I'm looking at getting a track saw to break down 4' x 8' sheets of plywood with dust collection but, I don't have room for the longer guide rails so I thought about buying two 55" rails and attaching them together for ripping the 8' length.

Can anybody tell me if there are any issues with keeping the two sections in alignment moving them around the shop all day while cutting up sheet goods?

Jack
 
jacko9 said:
Hello people,

I'm looking at getting a track saw to break down 4' x 8' sheets of plywood with dust collection but, I don't have room for the longer guide rails so I thought about buying two 55" rails and attaching them together for ripping the 8' length.

Can anybody tell me if there are any issues with keeping the two sections in alignment moving them around the shop all day while cutting up sheet goods?

Jack

In 2006 when I was thinking about going back into the cabinet making business, I expected I would need a large sliding table saw, which would require I lease a big building. I also did not then own a truck.
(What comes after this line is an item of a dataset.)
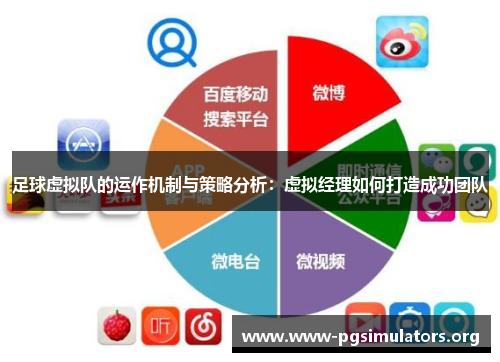 足球虚拟队的运作机制与策略分析：虚拟经理如何打造成功团队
A trusted dealer who in the past had sold me a lot of conventional table saws with power feed and sliding tables listened to me and showed me the then new TS55 with rails. I liked the glue-ready cut quality and the fact that I needed to rent so little space. I was shown how to connect 2 1400mm rails to make the 8' rips. Then my dealer recommended that I buy another extra 1400mm rail. That way I could keep 2 connected and use the single rail for making cross cuts, eliminating the need to disconnect the rails except for transport. Also, and very important, that extra rail served as the straight edge to ensure alignment of the connected rails.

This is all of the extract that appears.